Fees, Charges, Records, and the Use of NetDocuments
5.1.
NetDocuments will pay AP a Commission
as more fully described in paragraph 3.6 of this Agreement.
5.2.
NetDocuments reserves the right to change the NetDocuments Price List at any
time. It is AP's responsibility to be informed of
pricing, which is on the NetDocuments web site.
5.3.
The parties shall maintain complete and
accurate accounting records, in accordance with generally accepted accounting
practices, to support and document amounts due and will retain such records for
three (3) years after payment is made. A party shall, upon written request of the
other party, provide audit access to such records to a mutually acceptable
independent accounting firm that is chosen and compensated by the other party.
Such access shall be granted only during normal business hours and no more
frequently than once in each calendar year.

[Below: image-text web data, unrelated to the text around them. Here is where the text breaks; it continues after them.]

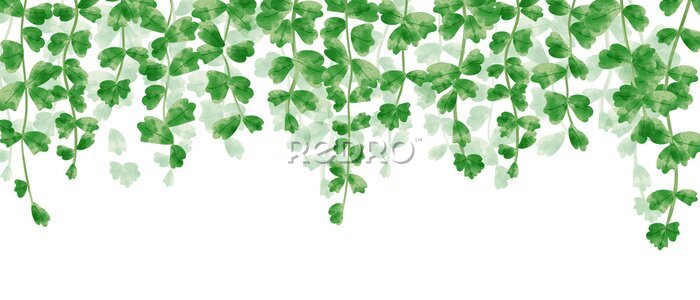 Fototapete Grüne Ranken mit von oben herabhängenden Blättern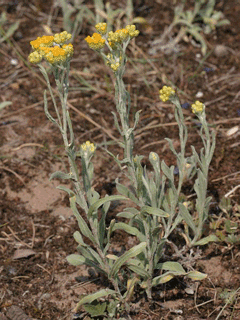 helichrysum arenarium Everlasting Flower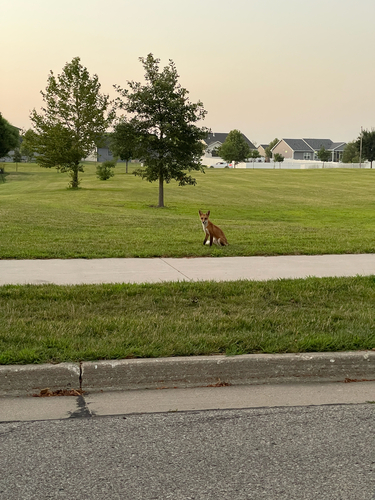 Red Fox observed by alex_rico_gomez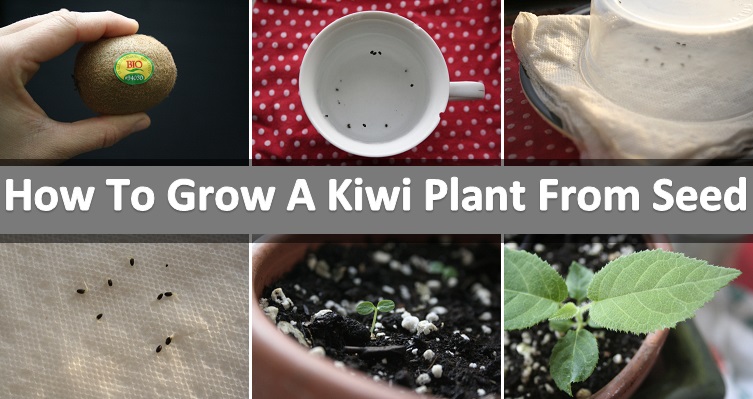 How-to-grow-a-kiwi-plant-from-seed
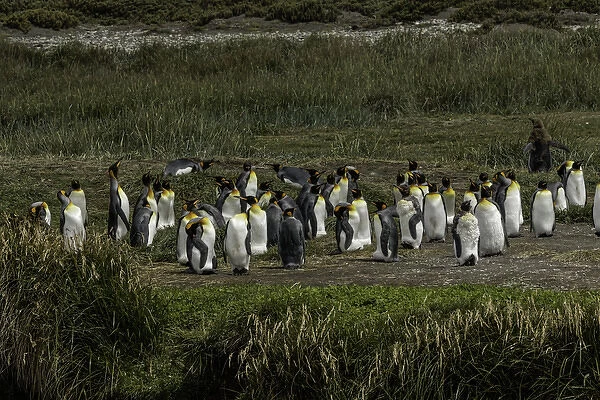 King Penguin colony, Useless Bay, Tierra del Fuego, Chile, South AmericaPatagonia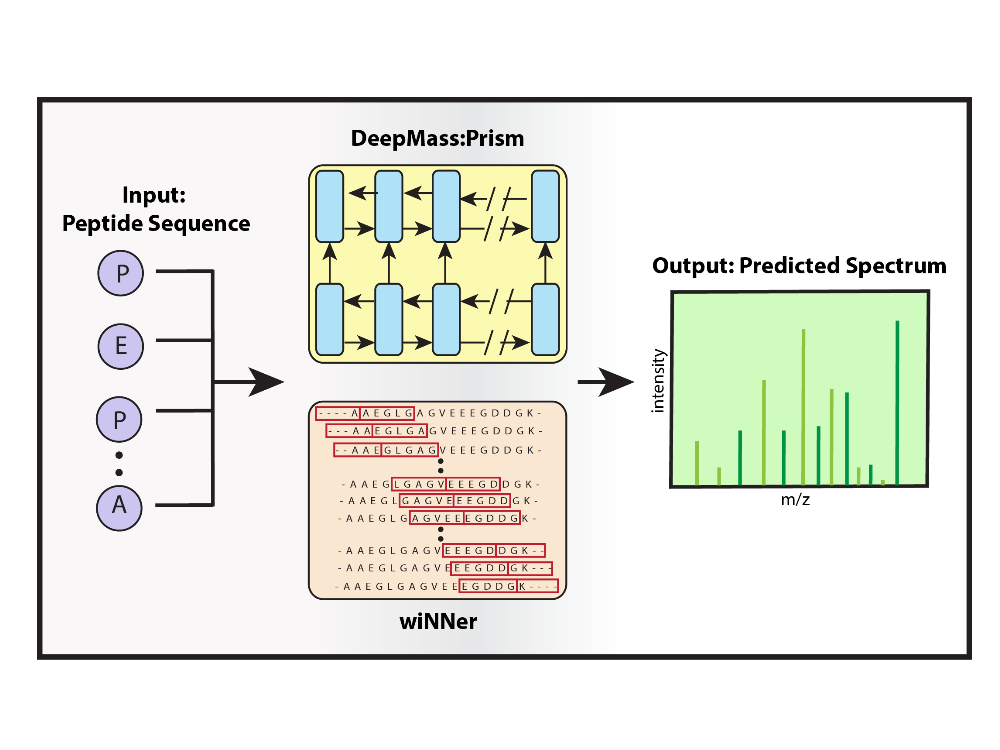 DeepMass:Prism, ein Deep-Learning-Ansatz mit bidirektionaler, rekurrenter neuronaler Netzwerkarchitektur (RNN) zur Vorhersage von Fragmentintensitäten.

The audit shall not interfere with the audited party's normal business activity.
The accounting firm shall be required to hold all information received
during the audit in confidence and will be authorized to report to the other
party only the amount of payments actually due under the Agreement for the
period examined.
9.
General
9.1.
Relationship of the
Parties. The parties hereto acknowledge and agree that,
under this Agreement, they are both independent contractors, and that neither
shall at any time be considered, or represent itself to be, an agent, employee,
associate, or joint venture party.
Except as expressly provided in this Agreement, neither party shall have
the authority nor hold itself out to bind the other party to any contract or
commitment, nor shall either party be responsible for the acts or omissions of
the other.
9.2.
No Conflicts. NetDocuments and AP each represent and warrant
to the other that neither the execution nor delivery of this Agreement, nor
performance of its obligations hereunder, will conflict with, or result in a
breach of any term, condition, or provision of, or constitute a default under,
any law, obligation, contract, covenant, or instrument to which it is a party or
under which it is bound.
9.3.
Notices. Any and all notices, demands, or other
communications required or desired to be given hereunder by any party shall be
in writing and shall be given in the following manner and be deemed given as
follows: (i) if by personal delivery, on the date of receipt by the intended
recipient; (ii) if by private courier or by Express Mail or certified or Free
mail, postage prepaid and return receipt requested (as applicable), on the date
of first attempted delivery (whether successful or not) to the intended
recipient's last known address; or (iii) if by fax or email, on the date of
written acknowledgement of receipt from the intended recipient. All notices hereunder shall be addressed as
follows:
If to NetDocuments:
NetDocuments
ParkView Plaza
625 South State Street
Orem,
Utah
84058
Attention: Kenneth W. Duncan, CEO
E-mail: ken@netdocuments.com
Fax: 801.226.6933.
Each party shall be
responsible for providing the other party with timely written notice of any
change in its address to which notices hereunder shall be sent.
9.4.
Assignment. Neither party to this Agreement may assign or
otherwise transfer any of its rights or obligations under this Agreement without
the prior written consent of the other party. Notwithstanding the foregoing,
either party may assign or otherwise transfer any or all of its rights or
obligations under this Agreement to a parent, subsidiary company or to a
successor-in-interest, without the prior consent of and upon written notice
given to the other party.
9.5.
Ambiguities. Each party and its legal counsel have reviewed
this Agreement. Any rule of construction to the effect that ambiguities are to
be resolved against the drafting party shall not apply in interpreting this
Agreement.
9.6.
Counterparts. This Agreement may be executed in any number
of counterparts, each of which shall be an original, but all of which together
shall constitute one instrument.
9.7.
Applicable Law. This Agreement shall be understood and
interpreted according to the laws of the State of Utah.
9.8.
Entire Agreement. This Agreement constitutes the entire
understanding and agreement of the parties relating to the subject matter
hereof, and supersedes all prior or contemporaneous agreements and
understandings, whether written or oral.
Both parties acknowledge and agree that neither of them has entered into
this Agreement on the basis of any representations or promises not expressly
contained herein.
ND: 4818-8814-5926, v. 14818-8814-5926,
v. 14818-8814-5926, v. 14818-8814-5926, v. 14824-0332-0067, v. 1 (updated July 15, 2010)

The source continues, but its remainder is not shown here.